Otoño europeo: siete refugios alemanes para dormir entre árboles, ríos y mar
Desde San Salvador de Jujuy, a unos 10.800 kilómetros de distancia de Berlín, una recorrida por alojamientos singulares que combinan paisaje, diseño y cierto confort en distintas regiones de Alemania.

En el suroeste de Alemania, dentro del parque de aventuras Tripsdrill, unas cincuenta cabañas y caravanas de pastor se elevan hasta cinco metros sobre el suelo del bosque, apoyadas en pilotes de madera de robinia. Las construcciones, integradas al entorno boscoso, priorizan la ventilación y la vista hacia el follaje, una postal típica del otoño templado y húmedo que caracteriza a la región, con temperaturas que en octubre suelen oscilar entre los cinco y los quince grados.

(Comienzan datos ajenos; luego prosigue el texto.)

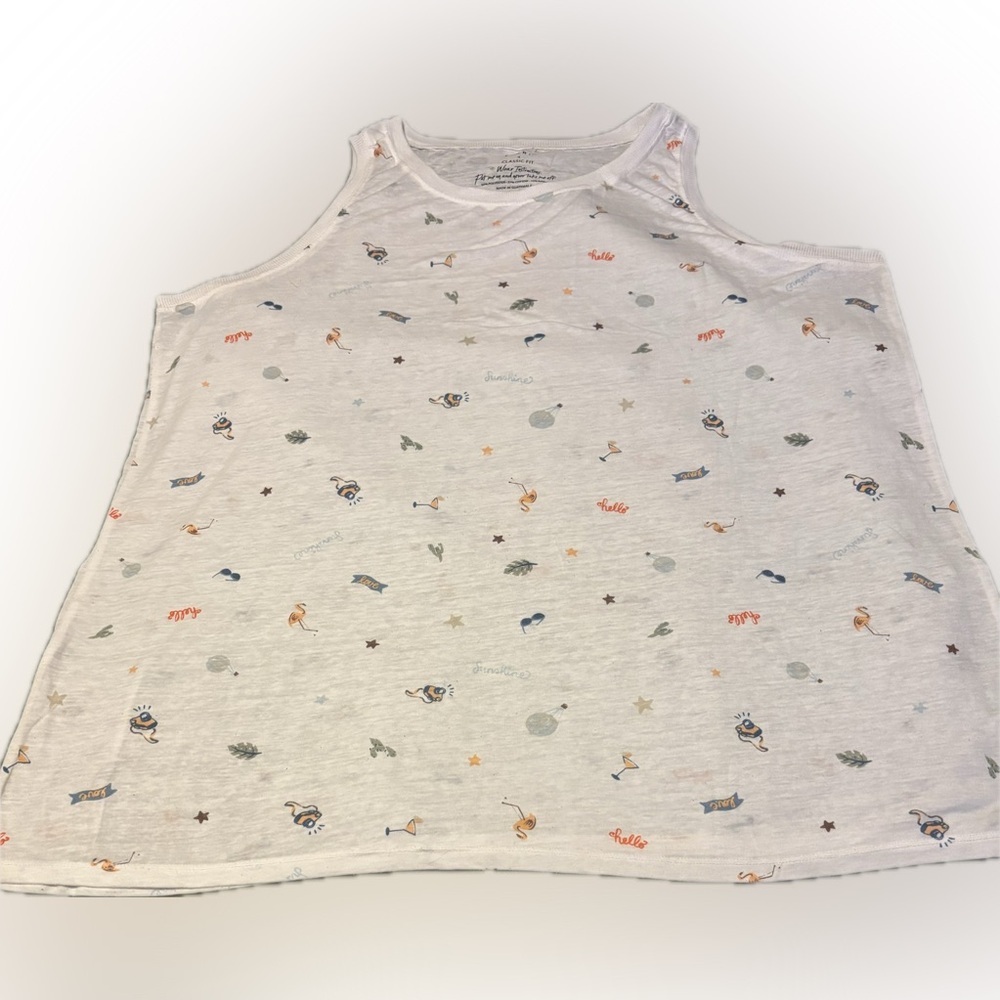Torrid White Tank Top with Colorful Summer Themed Print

Tiendas colgantes sobre el meandro del Saar
En el valle del Sarre, cada sábado se instalan tiendas colgantes entre los árboles, al borde de laderas pronunciadas que caen hacia el río. El paisaje del meandro del Saar, uno de los más fotografiados de esa zona, funciona como telón de fondo desde las carpas, especialmente de noche, cuando la niebla baja y se mezcla con el follaje otoñal.
En Baviera, una tiny house apodada "Hyt" rueda sobre ruedas hasta el lindero del bosque. La construcción es compacta pero incluye bañera de hidromasaje y acceso a una posada cercana, una combinación singular para quienes buscan silencio sin renunciar a cierto confort térmico en las noches frescas de otoño.
Del Oder al Báltico: propuestas para todos los perfiles
- A orillas del río Oder, en Brandeburgo, el Naturerlebnishof Uferloos ofrece parcelas de camping, vagones de circo y yurtas; los huéspedes pueden alquilar canoas y bicicletas, sumarse a recorridos nocturnos para observar murciélagos o simplemente descansar en la granja con animales.
- En Witzenhausen, en el centro del país, las construcciones forestales de madera y materiales reciclados existen una casa de corcho, una casa de troncos en altura y una casa de bolas en los árboles, además de un bar-restaurante y una sauna dentro del bosque.
- En el Parque Nacional de Eifel, un Tiny House Village ofrece cabañas para dos o cuatro personas, con terraza propia y, en algunos casos, sauna o ventanas panorámicas para observar el cielo nocturno; el predio de 15.000 metros cuadrados es libre de automóviles.
- En el Mar Báltico, entre Fehmarn, Travemünde y la bahía de Lübeck, es posible pasar la noche en sillas de playa techadas con ojo de buey, un diseño que protege del rocío y la lluvia y permite escuchar el mar con el cielo estrellado a la vista.
Para una escapada de otoño, la elección depende del clima que cada viajero tolere: las tiny houses del Eifel y las construcciones de Witzenhausen ofrecen abrigo y silencio; las tiendas del Sarre y las cabañas elevadas de Tripsdrill apelan a la sensación de aventura; el Báltico suma el rumor del oleaje; y el Oder combina granja, río y actividades al aire libre. En todos los casos, el denominador común es la integración con un entorno natural que en otoño se tiñe de ocres, rojizos y amarillos, una paleta que define buena parte del paisaje alemán entre septiembre y noviembre.